== Data for this exercise ==
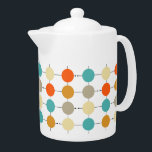 Tetera Patrón retro de los círculos de crema turquesa nar<br><div class="desc">Este colorido y moderno salón de té de mediados de siglo presenta un azul turquesa,  dos tonos de naranja,  crema y círculos de bronceado en una rejilla negra. ¡Añade un poco de diversión a tu hora de té!</div>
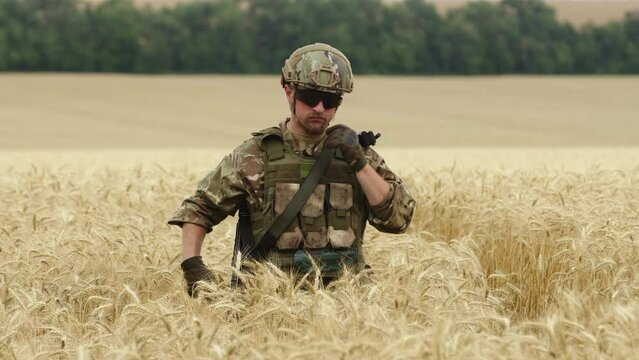 Close up of Soldier man in full outfit walking in the field. Portrait of a happy soldier in a boot camp. US Army soldier in the Mission. war and emotional concept.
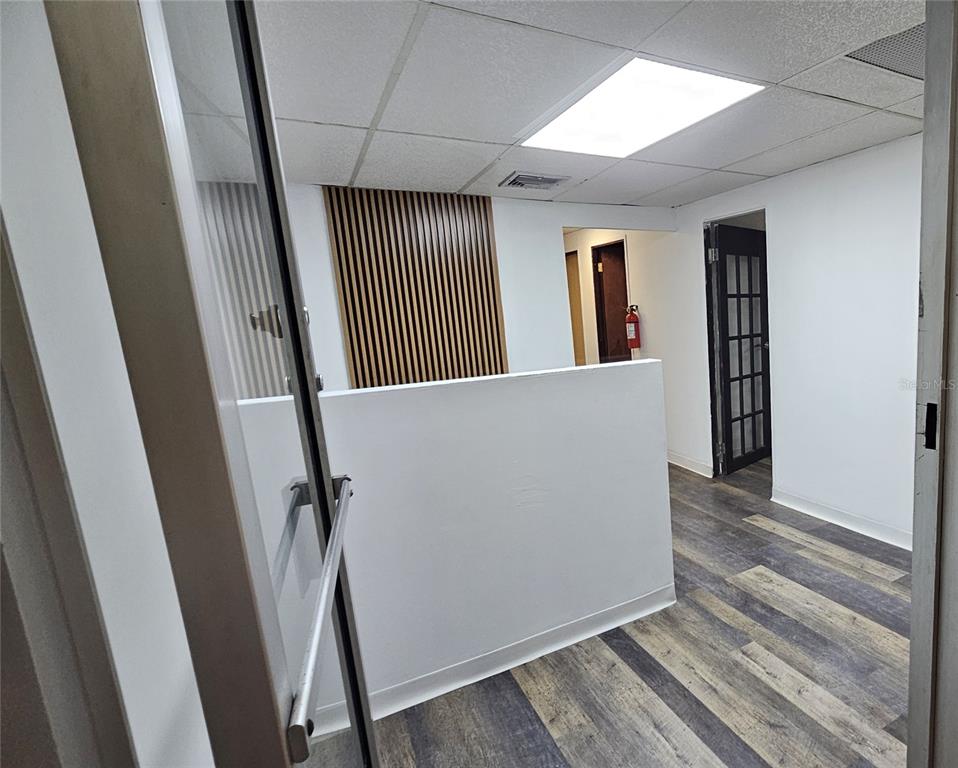 An office interior features a half-wall, wood-slat accent wall, wood-look flooring, and a glass door — 167 Plaza Pradera AVE ANTONIO PRINCIPE UNIT 2A, BAYAMON, PR
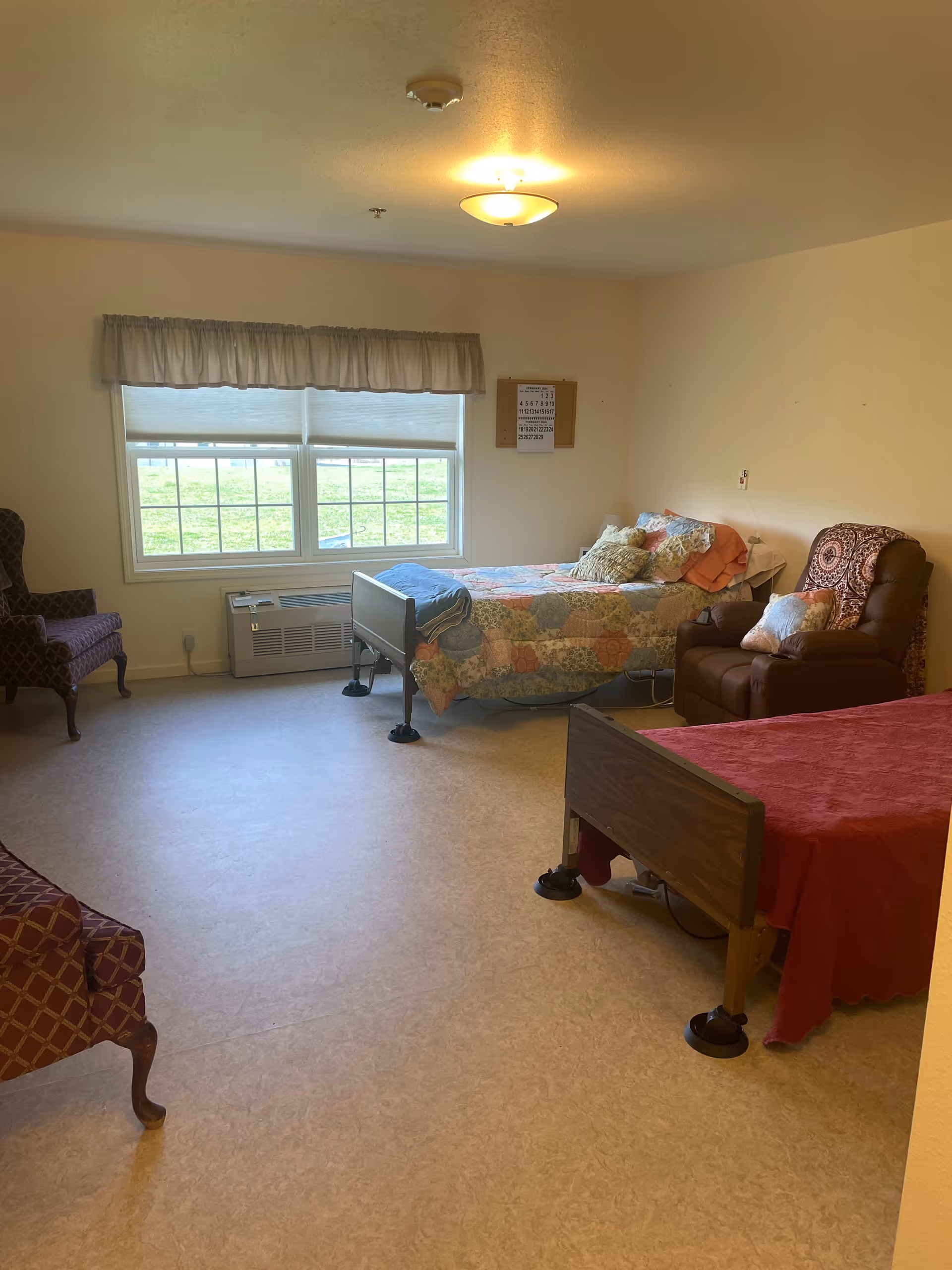 A bright assisted-living bedroom with two beds, recliner chairs, and a large window overlooking grass.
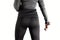 Woman in dark sport leggings, lifts dumbbell standing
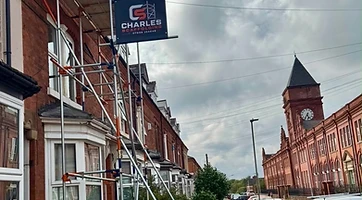 Scaffolding with Charles Scaffolding banner on a Leicester street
===
• **Your assignment**:
If pictures appear in the data, omit them and copy all other parts exactly.

• **Written answer**:
 Tetera Patrón retro de los círculos de crema turquesa nar<br><div class="desc">Este colorido y moderno salón de té de mediados de siglo presenta un azul turquesa,  dos tonos de naranja,  crema y círculos de bronceado en una rejilla negra. ¡Añade un poco de diversión a tu hora de té!</div>
 Close up of Soldier man in full outfit walking in the field. Portrait of a happy soldier in a boot camp. US Army soldier in the Mission. war and emotional concept.
 An office interior features a half-wall, wood-slat accent wall, wood-look flooring, and a glass door — 167 Plaza Pradera AVE ANTONIO PRINCIPE UNIT 2A, BAYAMON, PR
 A bright assisted-living bedroom with two beds, recliner chairs, and a large window overlooking grass.
 Woman in dark sport leggings, lifts dumbbell standing
 Scaffolding with Charles Scaffolding banner on a Leicester street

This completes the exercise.